Silvia citou ainda dados de um monitoramento de 7 mil operações policiais em um ano nos estados do Rio de Janeiro, São Paulo, Ceará, Bahia e Pernambuco, que resultaram em 984 mortos e 712 feridos, incluindo 27 crianças e adolescentes.
“As mortes são contabilizadas, esse é o ápice das violências policiais, mas tem inúmeras outras violências que não são contadas. As polícias não conseguem mudar e as pessoas não confiam que queixas ou críticas serão apuradas. A polícia precisa reconhecer e tem que se propor a mudar”, explicou.
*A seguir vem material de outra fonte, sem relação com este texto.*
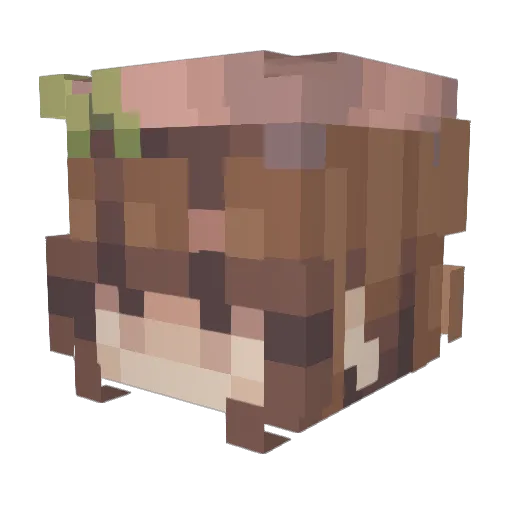 Frogxyy Minecraft avatar head, 3D render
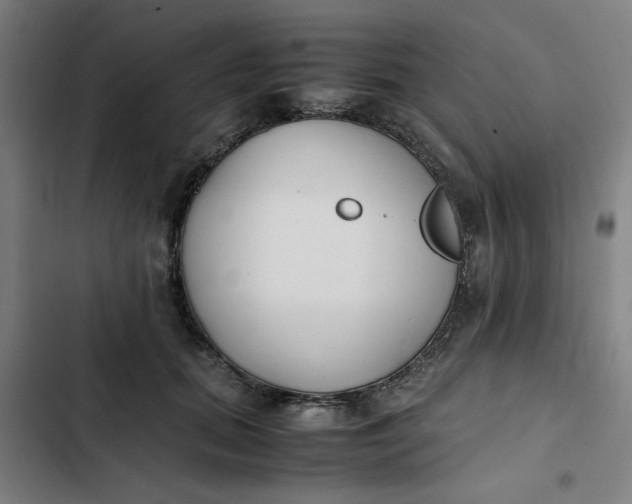 X0000102470655200808221644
Coronel da Polícia Militar de São Paulo nega racismo na corporação
Durante a participação no Fórum Data Favela, o secretário-executivo da Polícia Militar do Estado de São Paulo, coronel Alvaro Camilo, afirmou que há preocupação da polícia com os direitos humanos. “Tratamos as pessoas como gostaríamos de ser tratados”, afirmou.
Camilo acrescentou que os incidentes com a polícia são pontuais e citou números que mostram que há 112 mil policiais no Estado, que realizam 80 mil abordagens por dia e recebem 80 mil ligações. “Temos educação continuada muito forte. O racismo é estrutural e a polícia faz parte da sociedade, mas não há orientação de abordar pessoas negras e pobres”, considerou.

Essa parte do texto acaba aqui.